A new tool allows journalists to quickly sort through FOIA data dumps

In the 2020 fiscal year alone, federal agencies received nearly 800,000 requests under freedom of information laws. The process is notoriously frustrating, marked by delays, denials, and appeals before documents are turned over (if they ever are); for smaller newsrooms with fewer financial resources and less manpower, it may feel prohibitive.

NYU Tandon Professors Julia Stoyanovich, member of NYU's Center for Responsible AI and the Visualizing Imaging and Data Analysis Center (VIDA); and Mona Sloane, senior research scientist at the NYU Center for Responsible AI; worked with NYU Professor Hike Schellmann to lead a team of graduate students at NYU’s Center for Data Science to develop Gumshoe, an artificial-intelligence tool that uses natural language processing to sort through large caches of text documents and categorize them by relevance to the journalist’s main topic of investigation, reducing the time needed to sift through everything. 

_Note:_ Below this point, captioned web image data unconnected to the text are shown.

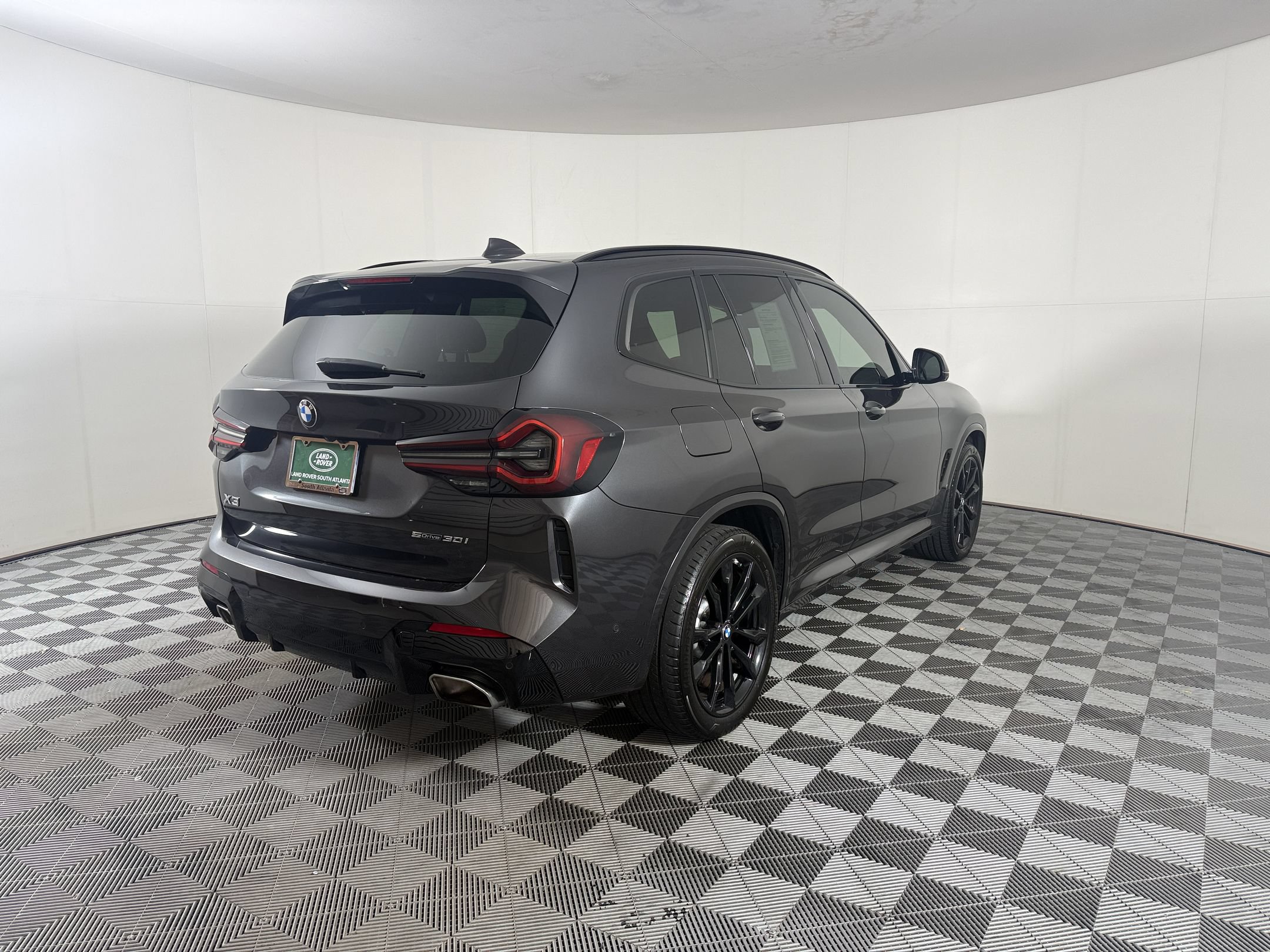 Used 2024 BMW X3 sDrive30i w/ M Sport Package RWD image 29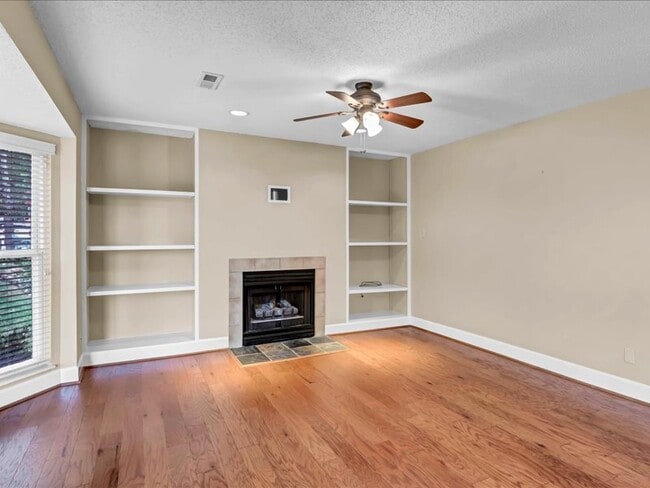 Building Photo - 1016 Montgomery Ct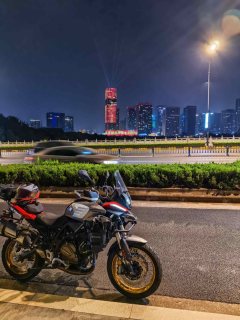 QJMOTOR 700S - ფოტო 4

The Gumshoe team developed the tool with an initial grant from the Center for Digital Humanities at NYU. A subsequent $200,000 grant, awarded last month by the Patrick J. McGovern Foundation, will enable the team to build out Gumshoe’s user interface and distribute the product widely. MuckRock, a nonprofit news site devoted to record requests, plans to integrate Gumshoe into its DocumentCloud platform, which is used by journalists for posting and reviewing public records.